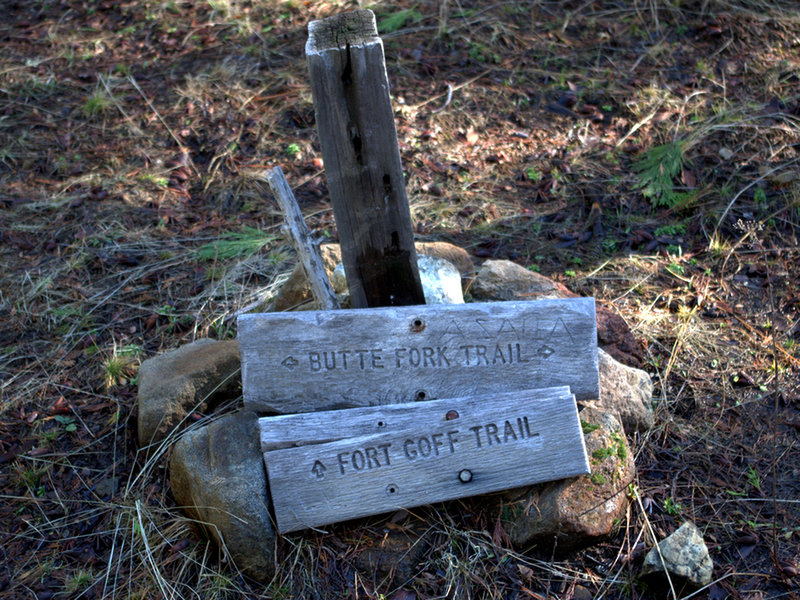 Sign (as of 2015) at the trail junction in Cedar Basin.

■ ■ ■ ■ ■

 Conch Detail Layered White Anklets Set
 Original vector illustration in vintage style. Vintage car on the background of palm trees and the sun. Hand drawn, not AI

■ ■ ■ ■ ■

An exact copy of the lines above, from the one containing "Conch Detail Layered White Anklets Set" down to the one containing "Original vector illustration" and including both, is the whole answer; retype it and nothing else.

> [TASK SOLUTION]
 Conch Detail Layered White Anklets Set
 Original vector illustration in vintage style. Vintage car on the background of palm trees and the sun. Hand drawn, not AI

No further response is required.